Task to complete>
Repeat each record exactly as written, and drop any images.

***** Entries supplied

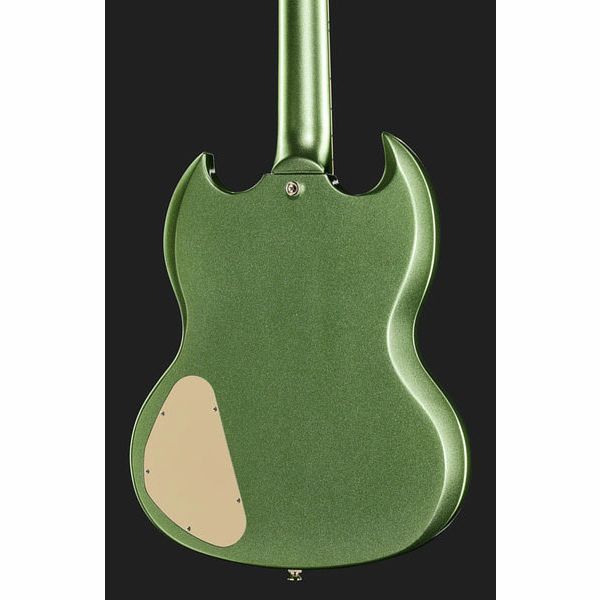 Epiphone SG Muse Wanderlust Green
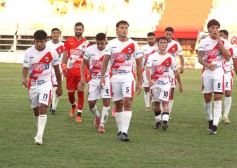 Foto de la galería: Guarani-River de Santa Rita: La  Franja ganó y avanzó primero en su grupo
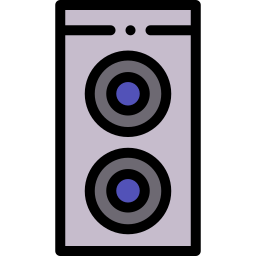 スピーカー icon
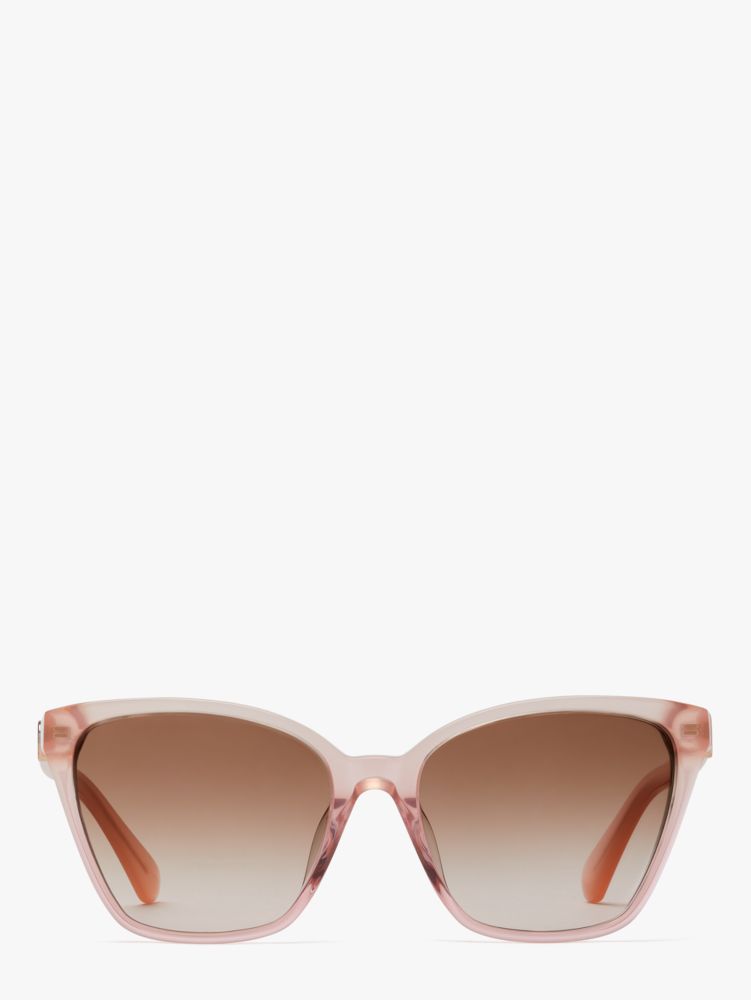 Amiyah Sunglasses, Peachy, Product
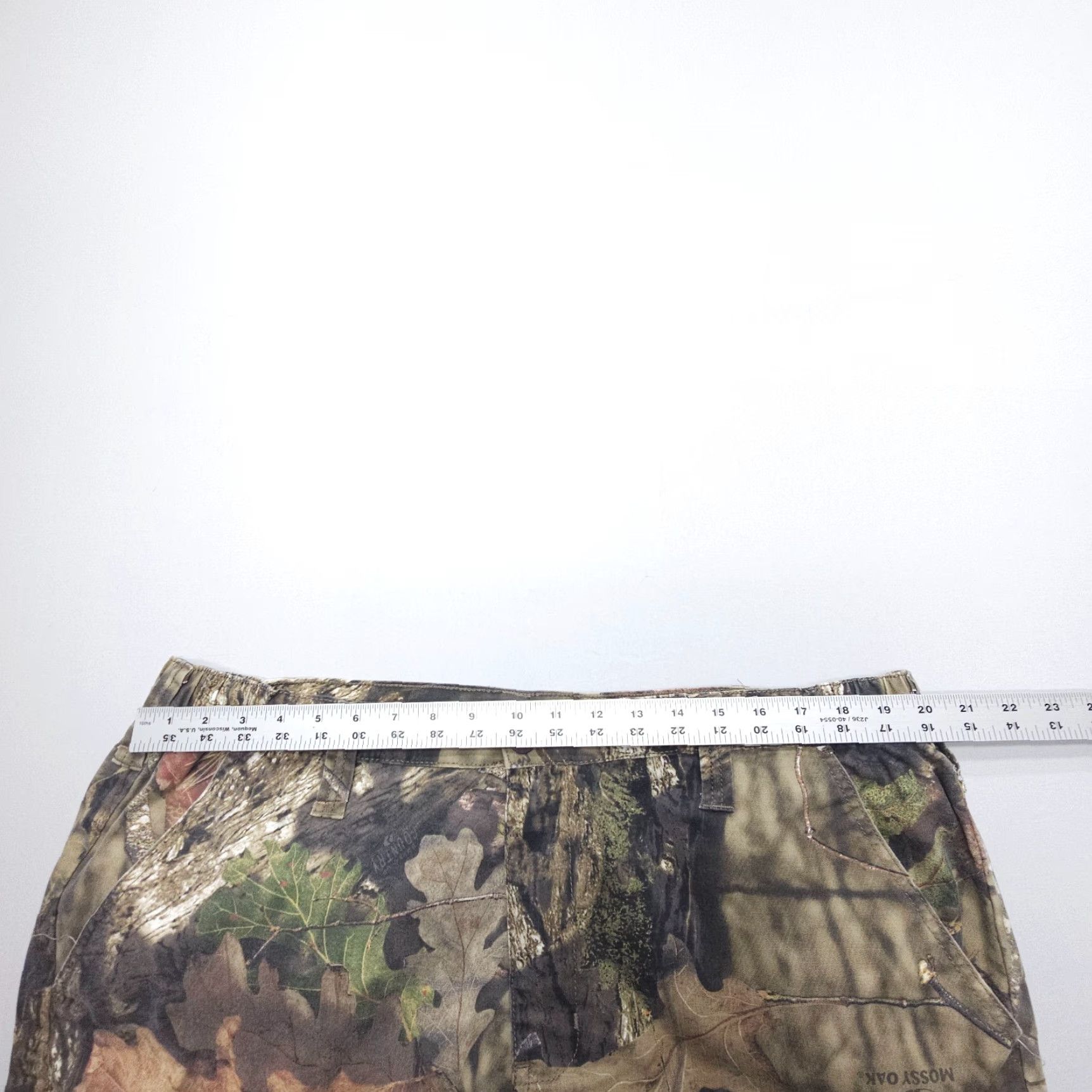 Vintage Mossy Oak Camo Cargo Pants Mens XL 40-42 Hunting Woodland Country Field Bush Size US 36 / EU 52 - 7 Thumbnail
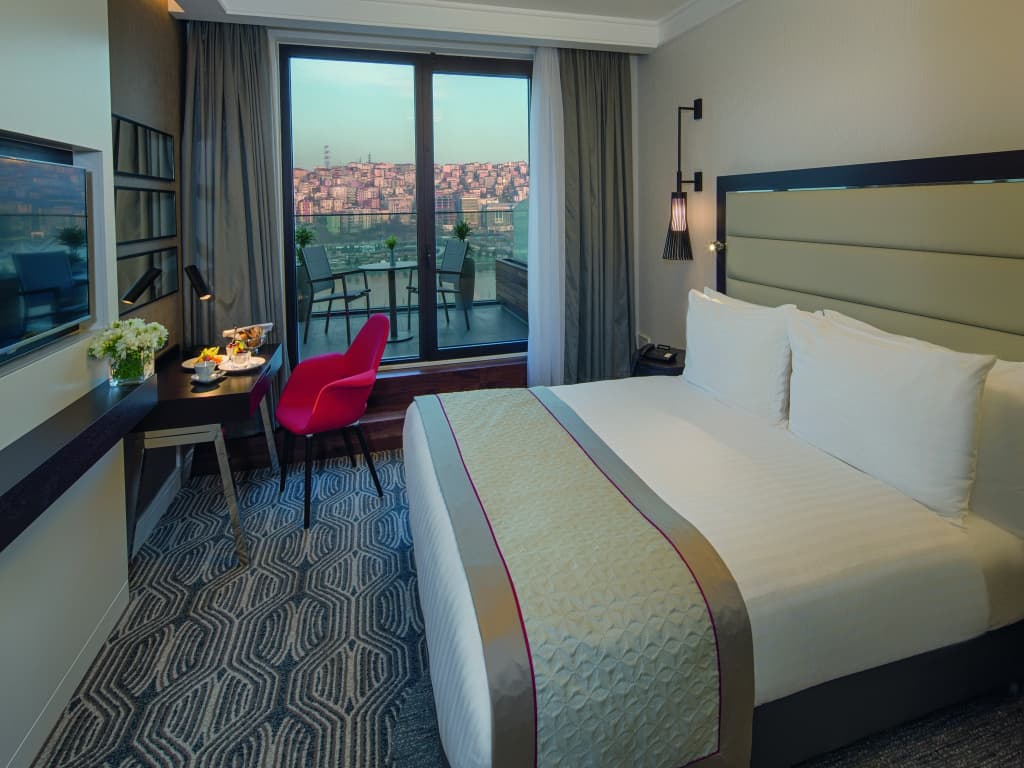 Mövenpick Hotel Istanbul Golden Horn - photo 43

**********

Answer space>
 Epiphone SG Muse Wanderlust Green
 Foto de la galería: Guarani-River de Santa Rita: La  Franja ganó y avanzó primero en su grupo
 スピーカー icon
 Amiyah Sunglasses, Peachy, Product
 Vintage Mossy Oak Camo Cargo Pants Mens XL 40-42 Hunting Woodland Country Field Bush Size US 36 / EU 52 - 7 Thumbnail
 Mövenpick Hotel Istanbul Golden Horn - photo 43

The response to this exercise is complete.